Later on he was apprenticed to James Basire, an engraver to the Society of Antiquaries. Basire sent young William to Westminster Abbey to sketch. There, in Edward the Confessor’s Chapel in the Holy of Holies in Westminster, he copied the heads of deceased kings and queens of old. It was here too that he drew his first picture of importance, ‘Joseph of Arimathea, Among the Rocks of Albion.’
Establishing his Art
Blake was greatly attracted to the story of the Holy Grail, to the magician Merlin and to King Arthur and his Knights of the Round Table, and between the ages of 12 and 20 he wrote his first poems concerning them. Eventually branching out as an artist, he was urged to paint in oils. He tried that for a while but soon discarded it as being inadequate to his style, saying that oil paintings ‘sank’, taking away the brilliance and colour he sought.

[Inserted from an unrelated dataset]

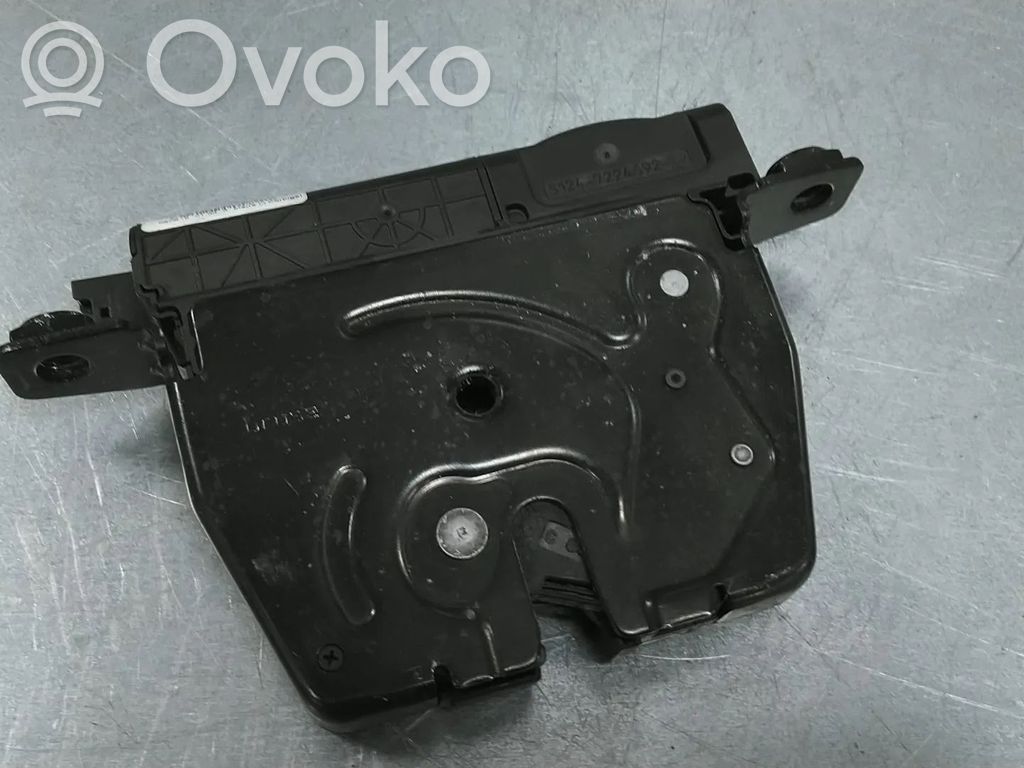 BMW 4 F32 F33 Zamek klapy tylnej / bagażnika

Colouring [Blake declared] does not depend on where the colours are put, but on where the lights and darks are put. And all depends on form or outline, on where that is put. Where that is wrong, the colouring never can be right.
His bold assertions and odd views incited the antagonism of various established artists, but they had to admit that his creations possessed a profound beauty of colour and symbolic vision. Frederick Tatham, the friend of his later days and his biographer, said:
Like his thoughts, his paintings seem to be inspired by fairies, and his colours look as if they were the bloom dropped from the brilliant wings of the spirits of the prism.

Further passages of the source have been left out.